*** DATA EXCERPT ***

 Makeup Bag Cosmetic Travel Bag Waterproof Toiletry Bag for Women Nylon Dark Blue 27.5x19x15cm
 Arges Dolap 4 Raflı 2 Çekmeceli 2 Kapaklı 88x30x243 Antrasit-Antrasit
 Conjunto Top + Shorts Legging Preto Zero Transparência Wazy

***

> EXERCISE OBJECTIVE
Give back the complete material verbatim.

> ANSWER AREA
 Makeup Bag Cosmetic Travel Bag Waterproof Toiletry Bag for Women Nylon Dark Blue 27.5x19x15cm
 Arges Dolap 4 Raflı 2 Çekmeceli 2 Kapaklı 88x30x243 Antrasit-Antrasit
 Conjunto Top + Shorts Legging Preto Zero Transparência Wazy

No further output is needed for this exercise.